Alicia Cramer is another practitioner of the hypnotic arts. Certified by the Hypnosis Motivation Institute in Tarzana, Calif., Cramer has practiced since 2010. She was first exposed to hypnotherapy after using the treatment to overcome post-traumatic stress after falling victim to physical and sexual assault in 2005. “Getting into it I was a general hypnotherapist, which means that people would seek me out for things like weight loss, smoking, sleeping issues, stress and anxiety.”

Cramer soon found that the clients she gravitated to more profoundly were those in need of help overcoming obstacles in the entrepreneurial and business realm. Not surprising since she’s a bit of a serial entrepreneur herself, running a small marketing firm and soon to launch an online security company called Tokinu.

Today Cramer works primarily with clients focused on maximizing their effectiveness in business, operating entirely through internet connection from her home in Wausau, Wisconsin. “If somebody is terrified of public speaking and they need to have that skill to further their business or their career, hypnosis is a really effective technique,” she says. “But I also attract a lot of clients that just have extreme stress and anxiety.”

Hypnotherapy encouraged FORBES contributor Vanessa Loder to leave a decade-long career in finance and private equity that she loathed. “I knew that I wanted to quit my job and do something entrepreneurial but I didn’t know what I wanted to do and I felt scared.”

Loder says that while hypnotized she relived moments of a past life in which she was a troubled troubadour who died before her time and never realized her potential—a singer who never got to sing. “I just started crying—it was as if something in me was unlocked,” Loder remembers. “That was one of the moments when I realized that I would never be happy in finance, that I needed to quit my job.” Today she is an inspirational speaker, writer and executive coach with her own company, Akoya. She’s also a hypnotherapist herself now.

NLP

Another tool entrepreneurs, businesspeople and leaders can use to communicate more effectively is neuro-linguistic programming (NLP). The practice focuses on the use of body language to express emotion, send messages to others and command the attention of those with whom you’re speaking. FORBES spoke with Rachel Hott, of the NLP Center of New York , to learn more about how it can be used by the career-oriented. According to Hott, NLP can be most simply described as “an awareness of communication both non-verbally and verbally.”

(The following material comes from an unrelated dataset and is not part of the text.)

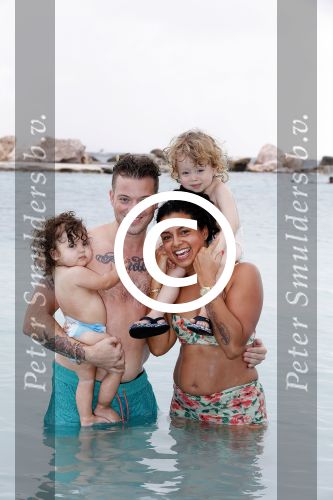 Curacao 27 december 2015
Gers Pardoel met zijn vrouw en hun kinderen Goud en Rocci ophet strand van Mambo beach.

In addition to placing emphasis on making sure your body language matches your message, NLP encourages its practitioners to watch how others speak, sit or behave. By matching them and understanding how they communicate, one is more able to achieve their trust and connect with them. “Entrepreneurs have to sell their ideas,” says Hott. “They have to meet with investors or meet with potential customers.” Dressing, behaving and even speaking – voice, tone and tempo – strengthens the connection and builds rapport. “That approximation of nonverbally saying ‘we’re the same.’”

Hott says she’s worked with business owners who were toiling to get startups off the ground. In those cases, unlocking their belief in themselves was key. “They really needed to feel ready to meet with investors and a lot of the work was about how to connect with their level of confidence and competence.”

Entrepreneurs can also use NLP on themselves. Says Hott: “What do you need to say to yourself to get the next task done? What do you need to see yourself in your successful moment? We explore how you talk to yourself, how you visualize, what you imagine you would feel like—we set up more outcome-oriented statements to help others.”

Conspiracy theorist have pinned President Barack Obama as a practitioner of NLP, claiming that his use of rhythm and tone in speeches is part of a subliminal form of hypnotism used to influence the masses. Crazy-talk aside, leaders and ambitious figures have used body-language, verbal cadence, mild hypnosis, expressions of emotion and symbolism to stoke the fervor of groups of people for generations, from the steps of the Athenian acropolis to the locker rooms of high school football teams. Might mass inspiration be the product of a form of hypnotism? Perhaps. Either way, entrepreneurs across the spectrum would do well to further develop their grasp of the psychological arts.